Cette inclusion de l’océan dans la conscience d’une nouvelle communauté d’intérêt partagé, est résumé en une phrase par Martin Renard : « Aujourd’hui, [la question de l’érosion] ça fait partie de la culture des gens de Lacanau ».
La gestion des organisations doit intégrer la compréhension des relations aux acteurs naturels
Du point de vue de la compréhension des organisations, parvenir à naviguer intellectuellement au sein de plusieurs modes de relation à l’environnement naturel, afin de saisir les spécificités des différents collectifs, est devenu nécessaire. Les collectifs humains sont porteurs de leurs propres représentations, mythes, valeurs, pour appréhender l’idée de nature et leur prise en considération est cruciale dans une action à visée positive sur la « gestion de l’érosion.
Une telle perspective est aussi la seule permettant de sortir des impasses de l’humano-centrisme de la responsabilité sociale des organisations, stérile quand il s’agit de traiter de l’élément naturel. Dans un récent article, Philippe Descola évoque d’ailleurs, à propos du mode de relation entre nature et culture caractérisant nos sociétés modernes, ses conséquences problématiques. En occident, la nature, non-douée d’intention, ne peut guère être autre chose qu’une entité reléguée au second plan.

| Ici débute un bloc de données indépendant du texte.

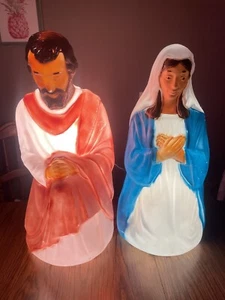Nativity General Foam 2 Piece Set 28" Lighted Blow Mold Mary Joseph Beautiful - Picture 1 of 10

Une telle perspective explique, pour Descola, que les rapports entre nature et culture prennent « un tour presque pathétique lorsqu’ils sont confrontés à la tentation de nouer avec les non-humains une réciprocité véritable.(…) [L]a nature des Modernes ne peut sortir de son silence que grâce à des truchements trop humains, de sorte qu’aucun échange, aucune négociation, aucun contrat n’est désormais envisageable avec le peuple des désanimés.
Il pourrait pourtant sembler commode, sans trop changer, de chercher encore à passer une « convention d’échange » avec la nature, « un des rêves les plus anciens et les plus inaccessibles » selon Descola. Par ses conséquences inéluctables, dramatiques pour l’humanité, le changement climatique serait susceptible de se charger lui-même, semble-t-il, de mettre en pièce une telle chimère. Il y a urgence à penser collectivement à nouveaux frais et à faire vivre une gestion des organisations renouvelée à la hauteur de tels enjeux.